There are three important competitors on the web servers market: Apache, IIS and Nginx. The former two have a large, established user base thanks to the quality of their services and customer support. On the other hand, the latter provides a different approach for managing tasks and resources.
From a software perspective, a web server helps deliver content (like a webpage) to internet users and this is usually achieved using the Hypertext Transfer Protocol (HTTP). As a result, a user’s online experience greatly depends on the quality of the web server as well as on how fast it can process and solve large requests on a frequent basis. That is why, as a developer, it is important to carefully choose the proper web server when building a web application.
Thanks to an architecture capable of handling more than 10k requests per second, combined with premium versions and 24×7 customer support, Nginx is a first choice for many large, high-traffic websites. For example, its official website lists Dropbox, WordPress, Cloudflare, and even NASA as sites hosted using this web server solution. Its leadership claims that over one third of the world’s most popular websites are hosted via Nginx, which is quite an achievement in a rather short amount of time.
Nginx is a well-known open-source web server that has undergone a rapid growth in popularity. Even at this point it looks like the growth is sustainable, so this software will keep on catching up with both Apache and IIS. Additionally, more and more web applications (websites), especially those with a high traffic, are switching to Nginx.

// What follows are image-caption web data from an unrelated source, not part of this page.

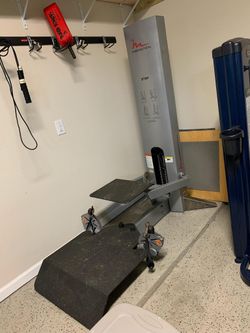 Exercise Equipment,  Cybex 3 Way Chest, Cybex Back And Ab, 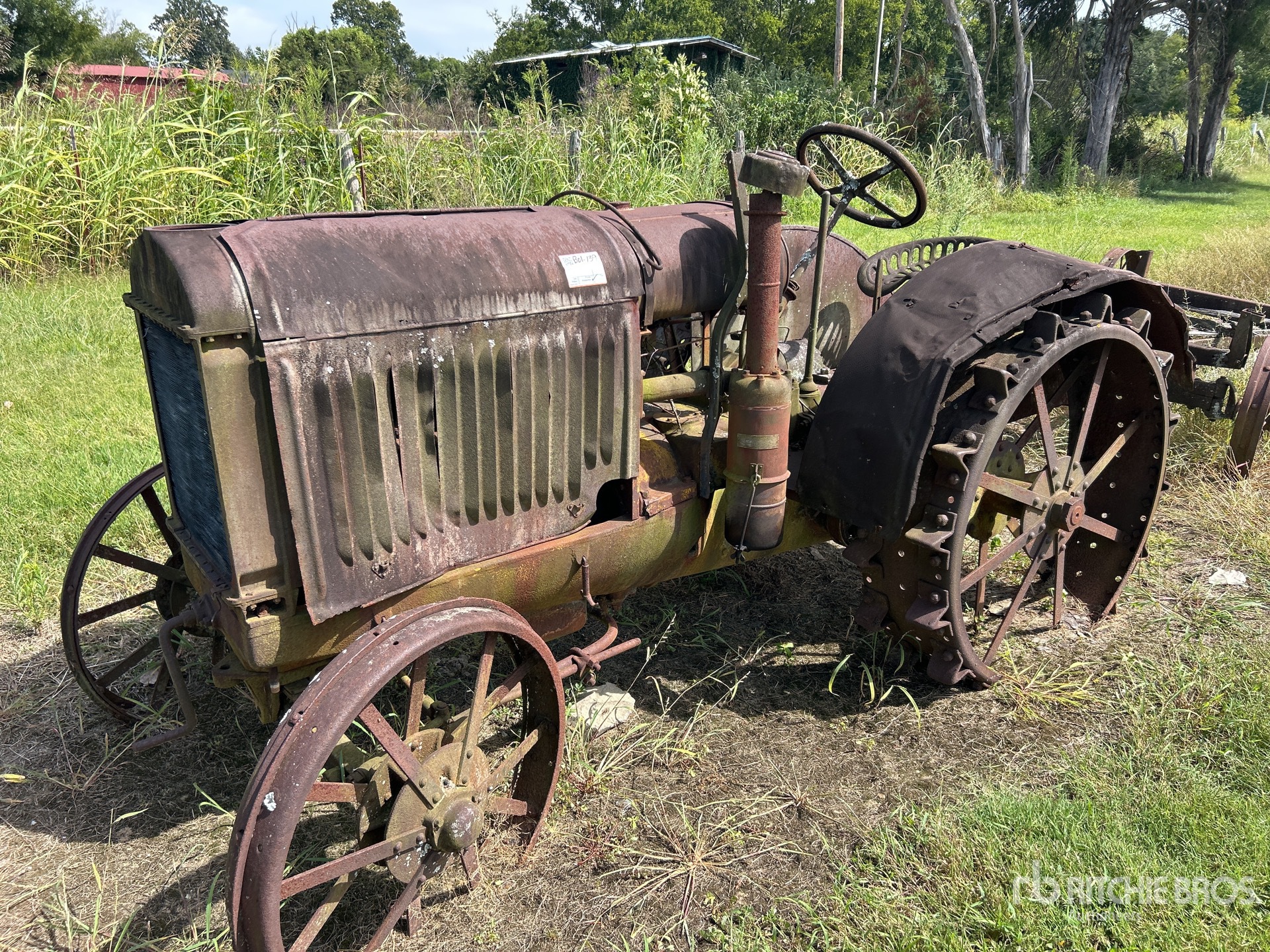 International 1 Tractor histórico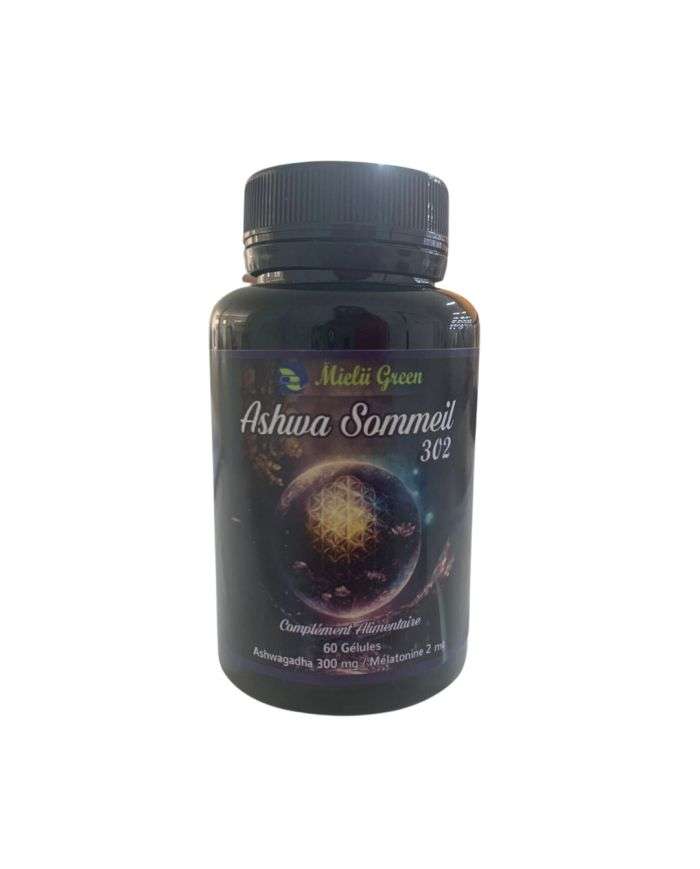 Mielii Green Ashwa Sommeil 302 – 60 Gélules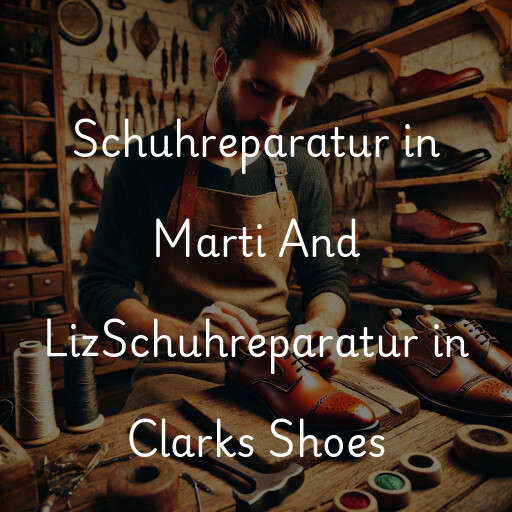 Schuhreparatur in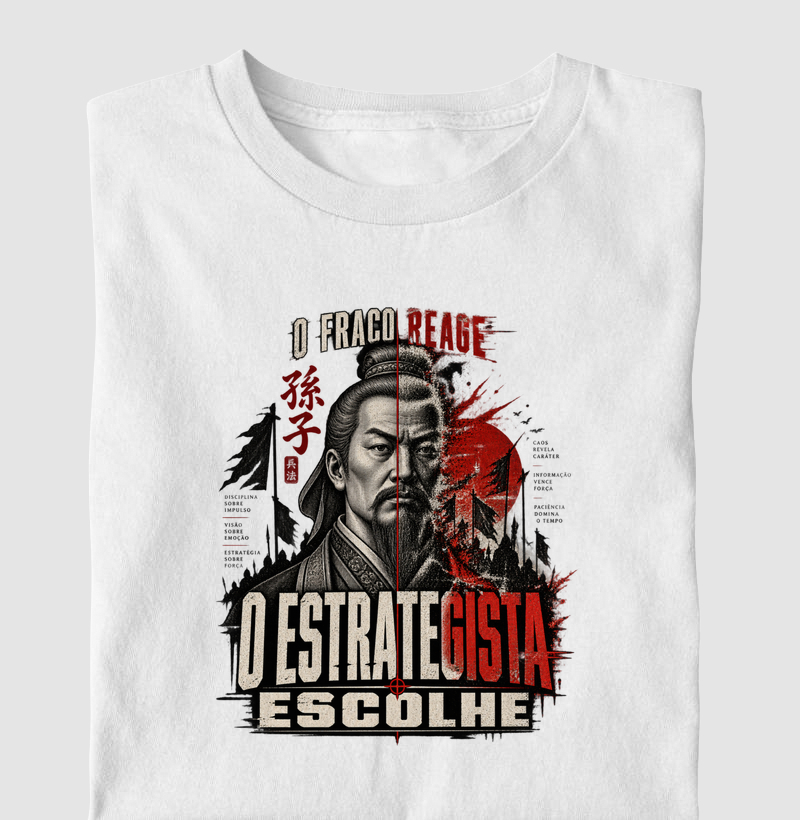Sun Tzu - O Fraco Reage. O Estrategista Escolhe.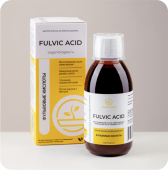 Fulvic Acid Чистая фульвовая кислота Органик Логос 200 мл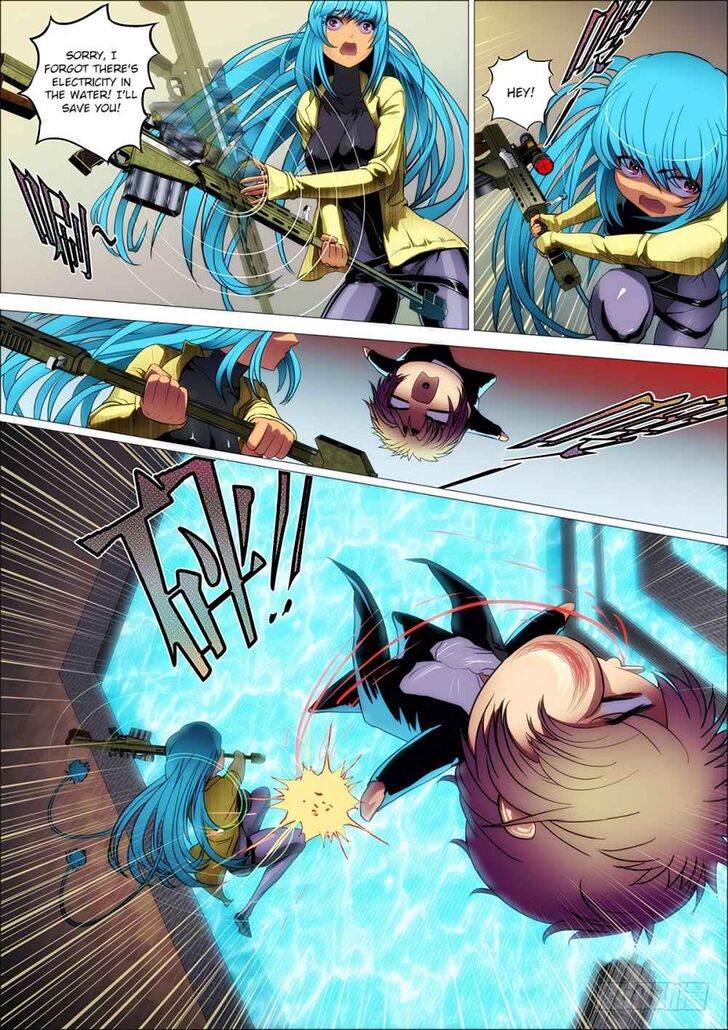 Read Killing Ghosts Manga Online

Why Nginx is becoming so popular
Nginx’ high performance, efficiency and stability are achieved through its architecture. It works differently than other web servers, considering it has an event-driven, asynchronous architecture. This way, it does not need to start new processes in order to handle new requests (as other web servers do), which result in only a couple MB of RAM usage. On the other hand, Apache has a thread-driven architecture that, under high loads times (for example C10k problem), causes load spikes and will consume too much RAM.
Also, Nginx is very efficient and can be used even on virtual machines that have limited resources, which would be a challenge for other web servers. Moreover, the more experienced software developers are able to consolidate their existing web servers by integrating other features of Nginx. The application can be successfully configured as a reverse proxy, HTTP cache or as a load balancer.
What is it like to migrate to Nginx?
Migrating to Nginx does not pose many issues. However, developers must first familiarize themselves with the new server and its specific design. Also, guides and documentation are not abundant, so configuring the web server can be time consuming, especially because the “familiar” .htaccess files are not supported. Another downside would be the lack of a module creating function like Apache’s APR (Apache Portable Runtime). Instead, developers have no other option than to search for such a function within the server’s internal code.
Overall, Nginx has proven to be a reliable server and its popularity is not a small feat to achieve. It is clear that improving future web servers requires the developers to think “out of the box” in order to find more efficient ways to design them.
Anyway, even though we still favor IIS for most of our projects, we believe that Nginx has a bright future in the industry.